Thermodynamic bounds and symmetries in first-passage problems of fluctuating currents
Adarsh Raghu, Izaak Neri
TL;DR
This work develops a unified framework for thermodynamic bounds on first-passage problems of fluctuating currents in Markov chains with two absorbing boundaries, linking dissipation to time-averaged and time-reversed statistics through a coarse-grained KL-divergence approach. A central advance is extending the effective affinity concept to discrete-time chains and deriving a refined bound that incorporates the full distribution of first-passage times, via the negative-threshold statistics $\mathcal{I}_-(1/\overline{j})$. The paper also reveals symmetry properties: optimal currents satisfy a speed symmetry between positive and negative thresholds, and a generalised symmetry holds for generic currents using a dual, time-reversed Doob-transformed process, with concrete demonstrations on low-dimensional Markov models. Overall, these results enable thermodynamic inference from first-passage data and provide tools for coarse-grained descriptions of nonequilibrium systems such as molecular motors.
Abstract
We develop a method for deriving thermodynamic bounds for first-passage problems of currents with two boundaries in Markov chains. Using this method, we derive a thermodynamic bound on the rate of dissipation in terms of the splitting probability and the first-passage time statistics of a fluctuating current, which is a refinement of a previously derived inequality.

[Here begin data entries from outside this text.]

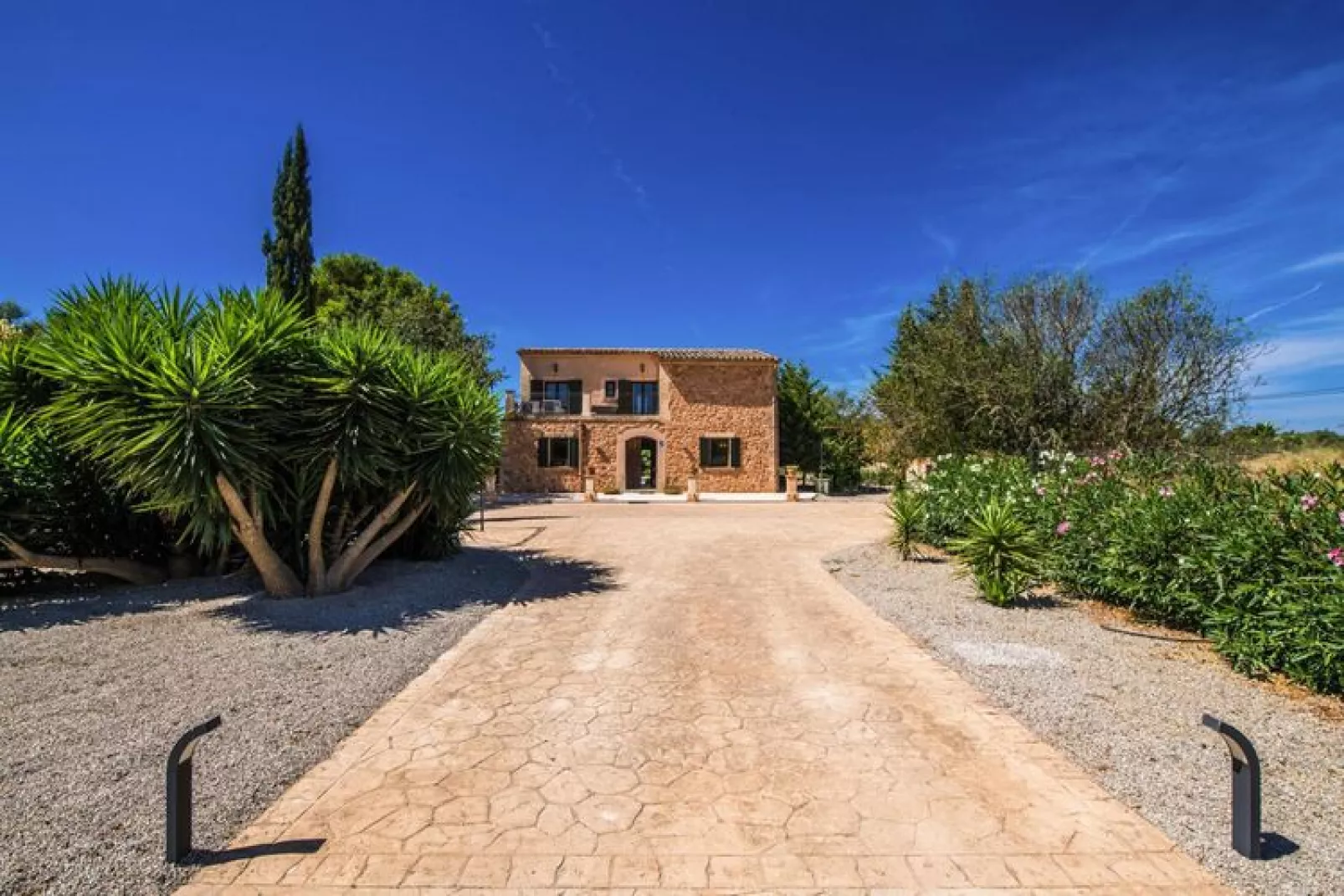 Finca Kiana-Exterior summer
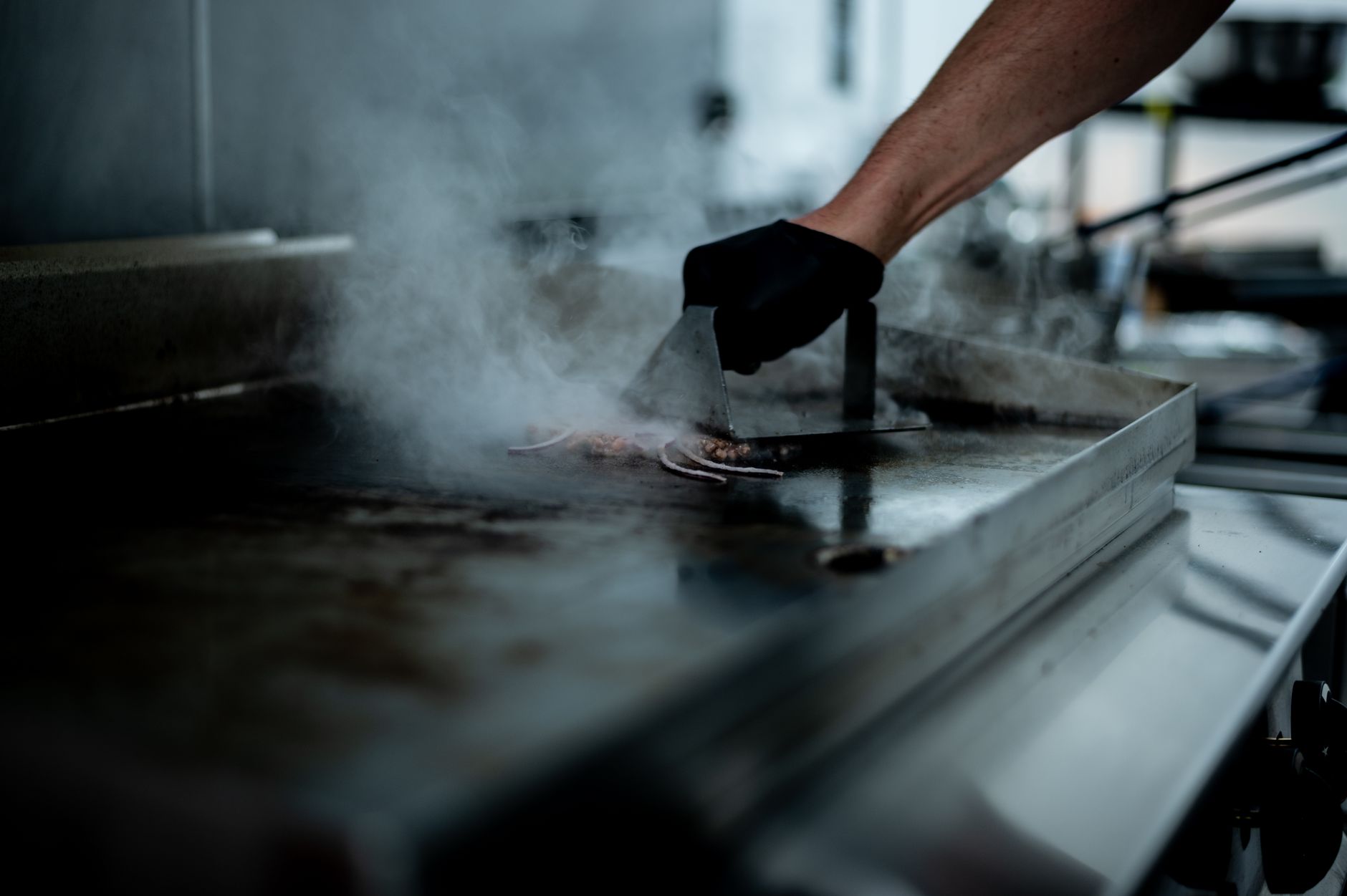 Nettoyer une plancha en fonte après cuisson sans l’abîmer : la bonne routine à adopter — nettoyage plancha en fonte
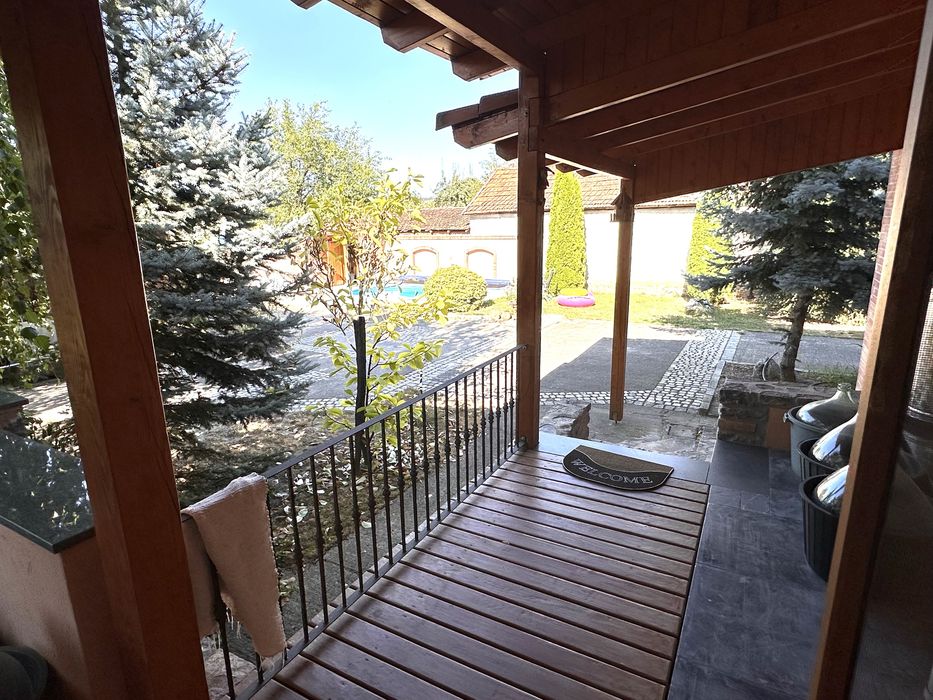 Casă S+P+M cu piscină, teren 4000 mp | Lugasu de Jos, Bihor | Mobilată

We also show that the concept of effective affinity, originally developed for continuous-time Markov chains, naturally extends to discrete-time Markov chains. Furthermore, we analyse symmetries in first-passage problems of fluctuating currents with two boundaries. We show that optimal currents -- those for which the effective affinity fully accounts for the dissipation -- satisfy a symmetry property: the current's average speed to reach the positive threshold equals the current's speed to reach the negative threshold. The developed approach uses a coarse-graining procedure for the average entropy production at random times and uses martingale methods to perform time-reversal of first-passage quantities.